Kwon Younger-chan, a comedian-turned-scholar who leads a gaggle serving to celebrities with psychological well being points, mentioned celebrities usually really feel helpless when the protection turns unfavourable after spending years rigorously cultivating their public picture.
Kwon, who stayed with Kim’s relations throughout a conventional three-day funeral course of, mentioned her household is contemplating authorized motion towards a YouTube creator with lots of of 1000’s of subscribers for what they describe as groundless assaults on Kim’s non-public life.
Peter Jongho Na, a professor of psychiatry on the Yale Faculty of Medication, lamented on Fb that South Korean society had turn into an enormous model of “Squid Sport,” the brutal Netflix survival drama, “abandoning individuals who make errors or fall behind, appearing as if nothing occurred.”
MEDIA BLAMED FOR CELEBRITY DEATHS
The Nationwide Police Company mentioned officers discovered no indicators of foul play at Kim’s house and that she left no notice.
However a spate of high-profile deaths has sparked discussions about how information organizations cowl the non-public lives of celebrities and whether or not floods of crucial on-line feedback are harming their psychological well being.
Related conversations occurred after the 2008 demise of mega film star Choi Jin-sil, the demise of her former baseball star husband, Cho Sung-min, in 2013, the deaths of Okay-Pop singers Sulli and Goo Hara in 2019, and the demise of “Parasite” actor Lee Solar-kyun in 2023.
Sensational however unsubstantiated claims like from social media are broadly recycled and amplified by conventional media retailers as they compete for viewers consideration, mentioned Hyun-jae Yu, a communications professor at Seoul’s Sogang College.
Battling a pointy decline in conventional media readership, he mentioned, media flip to overlaying YouTube drama as the simplest option to drive up visitors, usually skipping the work of reporting and verifying information.
Following the 2019 deaths of Sulli and Goo Hara, which have been broadly attributed to cyberbullying and sexual harassment each within the public and media, lawmakers proposed numerous measures to discourage harsh on-line feedback.
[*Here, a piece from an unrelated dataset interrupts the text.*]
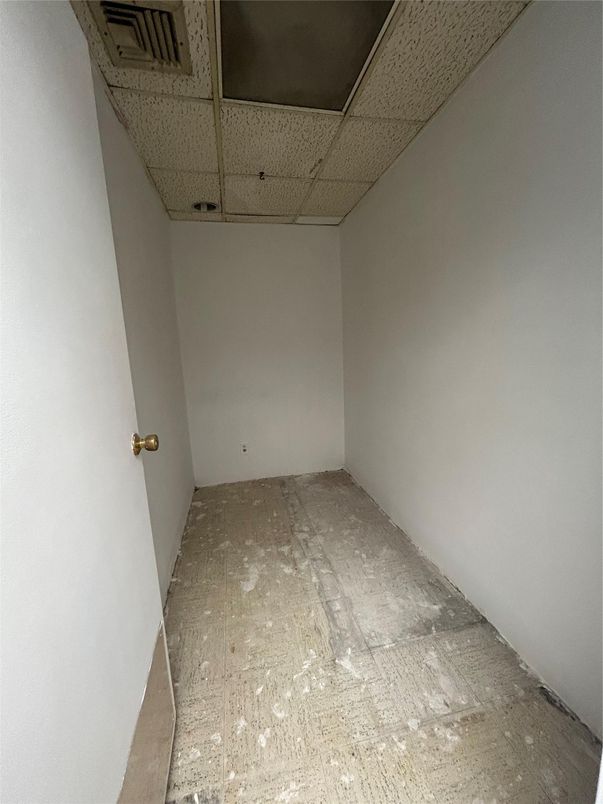 Empty room, Interior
These included increasing real-name necessities and strengthening web sites’ necessities to weed out hate speech and false data, however none of those proposed legal guidelines handed.
REFORMS REMAIN ELUSIVE
South Korean administration businesses are getting more and more lively in taking authorized motion to guard their entertainers from on-line bullying. Hybe, which manages a number of Okay-Pop teams together with BTS, publishes common updates about lawsuits it’s submitting towards social media commentators it deems malicious.
However Yu mentioned it’s essential for mainstream media corporations to strengthen self-regulation and restrict their use of YouTube content material as information sources. Authorities authorities might additionally compel YouTube and different social media platforms to take higher duty for content material created by their customers, he mentioned, together with actively eradicating problematic movies and stopping creators from monetizing them.
YouTube mentioned in a press assertion that it’s imposing pointers towards threats, harassment, and hate speech, and channels that repeatedly violate its insurance policies might be prevented from monetizing their content material and even be terminated.
Heo Chanhaeng, an govt director on the Heart for Media Duty and Human Rights, mentioned information organizations and web sites ought to take into account shutting down the feedback sections on leisure tales fully.
“Her non-public life was indiscriminately reported past what was essential,” Heo mentioned. “That’s not a reputable matter of public curiosity.”